Needing to visit Bangkok recently to fix some administrative ‘stuff’ we thought why not spend a few extra days there and explore! Previous visits had us do several of the usual ‘must do’ tourist sites. This time we wanted to experience the more, in our mind at least, quirky and unusual places as well as a few more of the ‘must do’ sights we had not gotten to before. So here are our 8 Bangkok discoveries. Not all could be described as quirky yet all delivered in unexpected ways.

 Jim Thompson enterprises

We had read that ‘Jim Thompson House’ in central Bangkok was worth the visit. We had researched a little to learn about the man Jim Thompson, his intriguing disappearance, and what made his house worth visiting. And having been there now, we can say, for us at least, it was worth the effort.

The 40 minute tour of his teak Thai style house and gardens sitting on the Saen Saeb Klong certainly offer some simple insights to his life. As well as physically walking through the environment you learn of his dedication to Asian history, culture and ancient artifacts, as well as his beloved Thai silk industry. Jim Thompson is credited with the revival of the Thai silk industry and recognised so by Thai Royal and Government authorities.

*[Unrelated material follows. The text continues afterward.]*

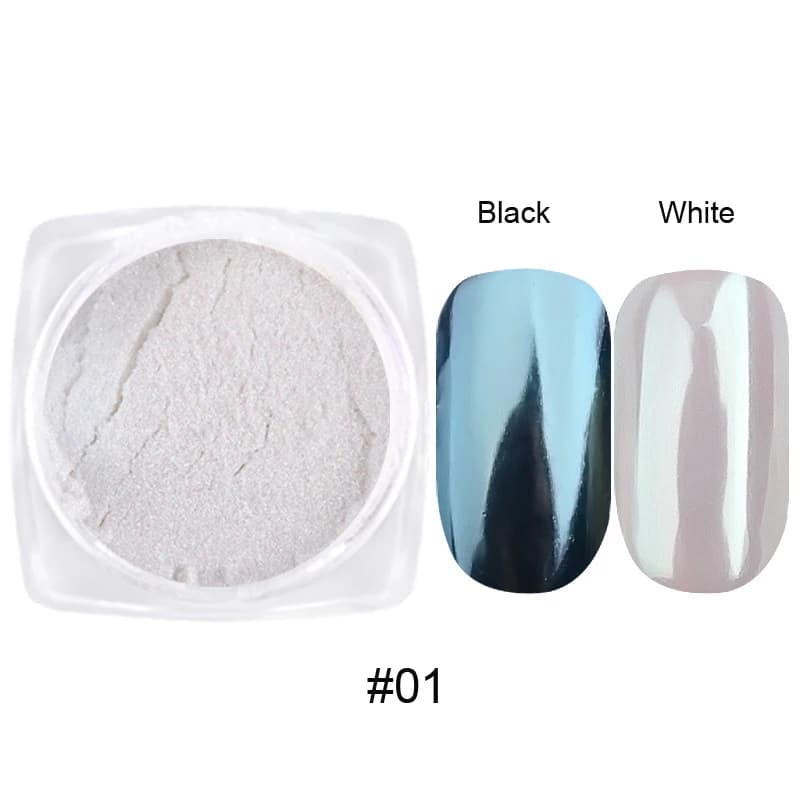 Poudre de vernis à ongles chromé, blanc perle, sirène, aurore, métallique, néon, arc-en-ciel, poussi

Jim Thompson retail stores (in Bangkok & other tourist locations in Thailand) are where you can see their silk products first hand. Alternately, we recommend making the effort to visit the Jim Thompson Factory Outlet at Prakanong (Bangkok). Here you will have 3 floors neatly laden with fabrics and 2 floors of clothing, accessories and homewares. The range of materials and related products is impressive and at prices more appealing than in the retail outlets! A great Bangkok Discovery!

Khlong Saen Saeb

Bangkok is infamous for its road traffic congestion and the madness it creates. But go back to the 19th century and Bangkok was known as the “Venice of the East”. Today, many of the khlongs (canals) are filled in and paved over to make room for roads, but a massive network of waterways still criss-cross Bangkok. Each day, thousands of commuters travel by motorized boats on the Chao Praya River and on the canals that feed into it.